▸ PROBLEM DESCRIPTION
Once the pictures are removed, restate the listing word for word.

▸ PROVIDED DATA
Content starts

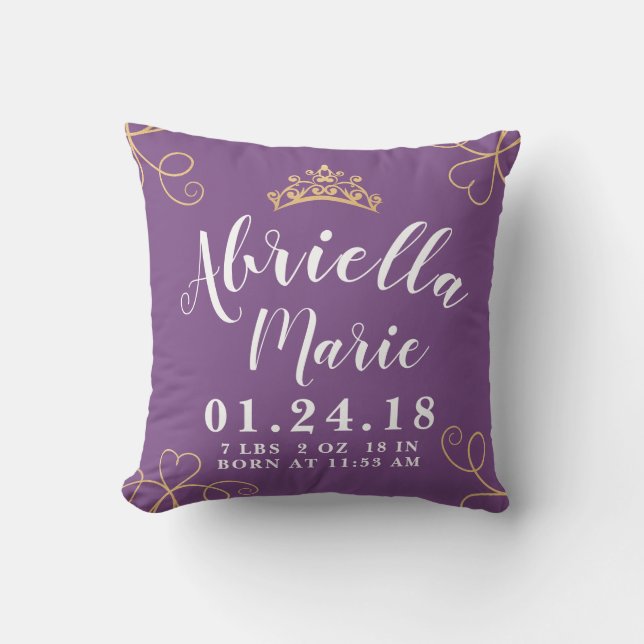 Cojín Decorativo Niña Princesa Nacimiento Estadísticas Pillow (Anverso)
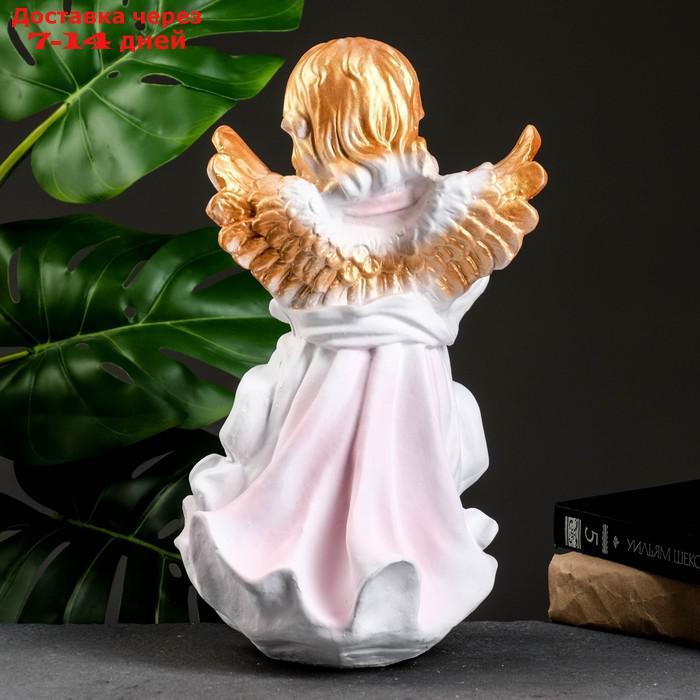 Фигура "Ангел в платье с букетом" бело-розовый 20х21х36см - фото 3 - id-p193703991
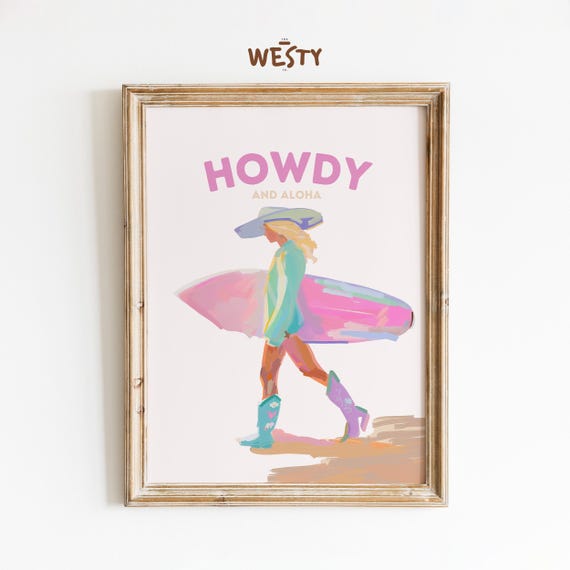 Cowgirl Surfer Art Print Western Beach Wall Decor Howdy Aloha Poster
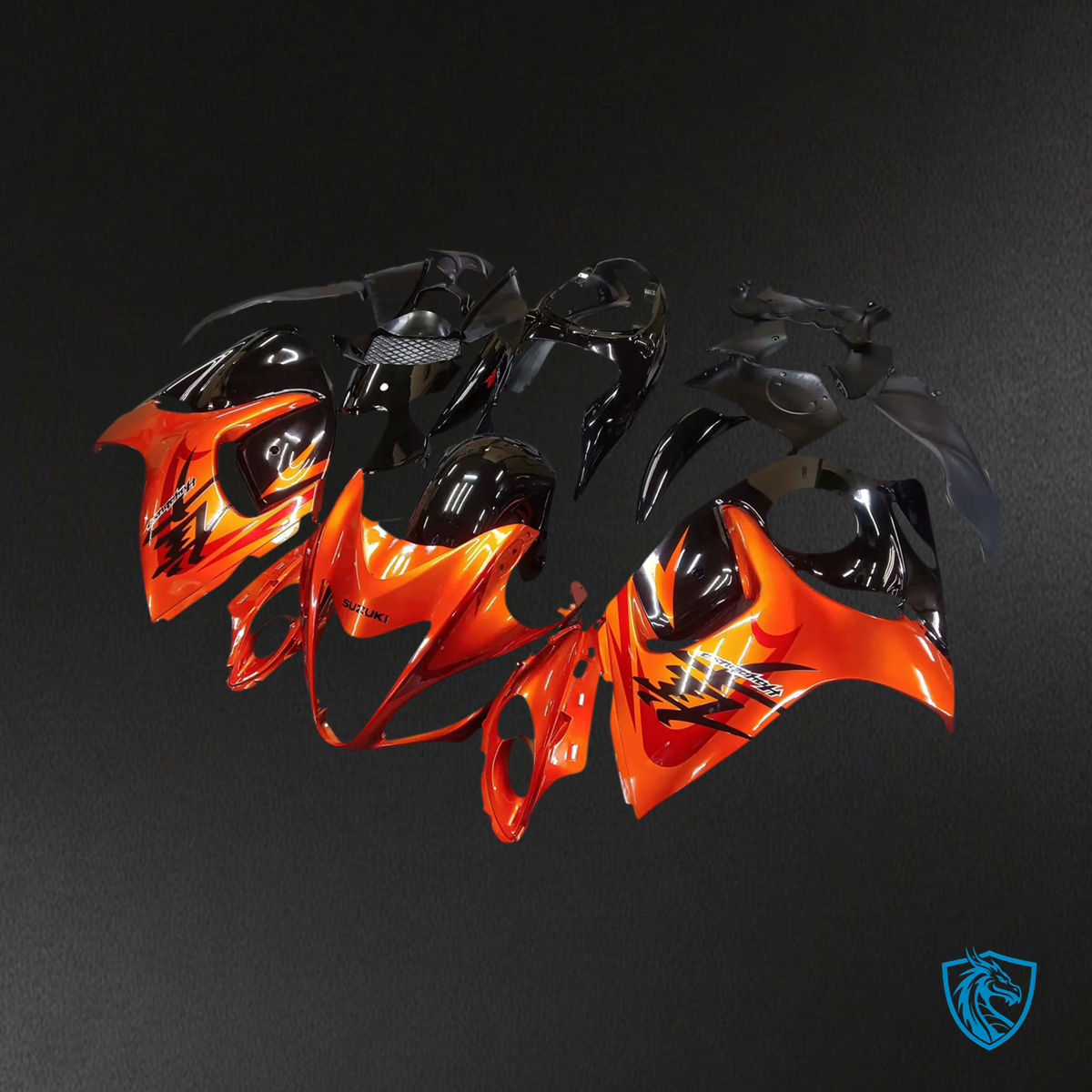 Suzuki GSX1300R (2008-2020) Hayabusa Gloss Orange & Black - Fairing Kit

Content ends

▸ ANSWER BOX
 Cojín Decorativo Niña Princesa Nacimiento Estadísticas Pillow (Anverso)
 Фигура "Ангел в платье с букетом" бело-розовый 20х21х36см - фото 3 - id-p193703991
 Cowgirl Surfer Art Print Western Beach Wall Decor Howdy Aloha Poster
 Suzuki GSX1300R (2008-2020) Hayabusa Gloss Orange & Black - Fairing Kit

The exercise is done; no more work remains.